Book Review: India in the Balance by Khwaja Kamal-ud-Din
Book reviewed by Maulana Muhammad Ali
The Light (Pakistan), 1st September 1922 Issue (Vol. 1, No. 18, p. 4)
Such is the title of a timely publication by Khwaja Kamal-ud-Din, Imam of the Mosque, Woking.
Khwaja Kamal-ud-Din is a Muslim missionary, and as such, he has refrained from politics, but the question of Khilafat is one in which all leaders of Muslim opinion think alike.
In writing this book, the Khwaja Sahib has not only done a service to the cause of Islam, but a still greater service to the British public which, in supreme ignorance of matters Islamic, trusts either to the politician or to the missionary and looks upon their interested pronouncements as the final word on Islam and Muslims.
India in the Balance ably explodes the theory which finds the greatest favour in Christendom that Muslims are unfit to rule non-Muslims, and that this disability arises from the fundamental conceptions of the religion of Islam. Its opening chapter, “Muslim Conception of Government,” based, as it is on the Holy Quran, backed up by instances from the earliest Muslim history, is a sufficient answer to all [of] Lloyd George’s [Prime Minister of the UK] declarations.
The book then passes on the history of the relations of the Muslims to their British rulers and the present change in their attitude.

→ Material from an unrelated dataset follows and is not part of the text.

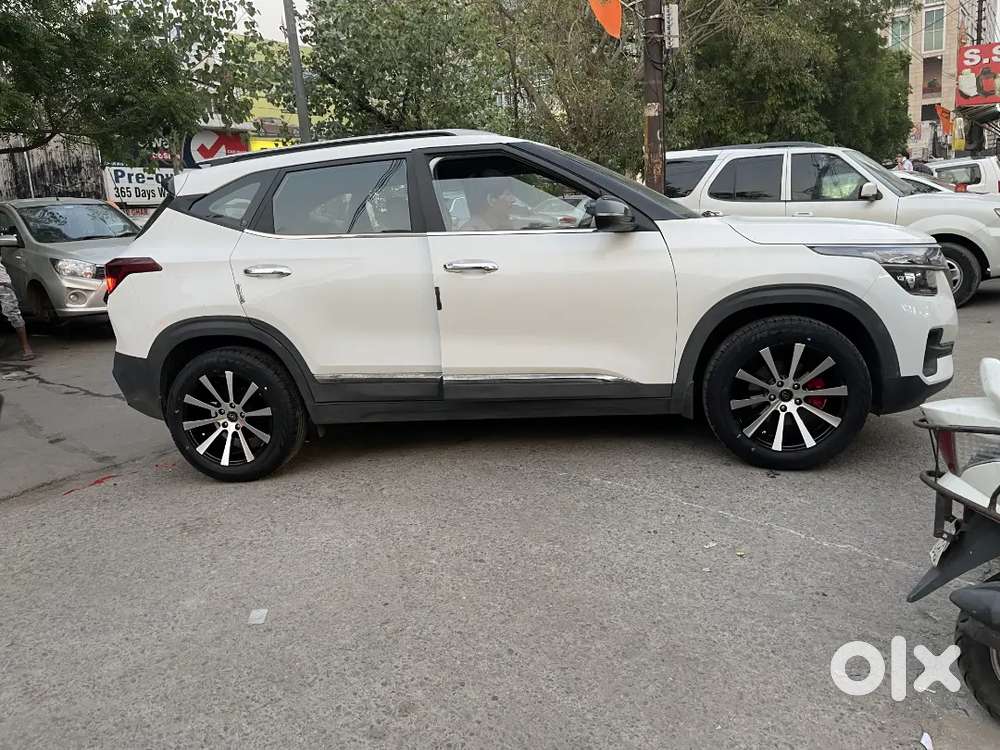 Kia Seltos 2021 Petrol 28300 Km Driven(4949)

The latter half is devoted to the question of the caliphate, and the conclusion gives a timely warning.
Whether the final conclusion of peace with Turkey would in any way be influenced by the book is doubtful, for Mr Lloyd George is bent upon carrying his will, whatever its consequences, to his own country or to the world at large, but it is the duty of all true Muslims to place correct information before the British public, and Khwaja Kamal-ud-Din has done his duty.
We only pray that the British politicians may not shut their eyes to facts in whose recognition is the good of their own country.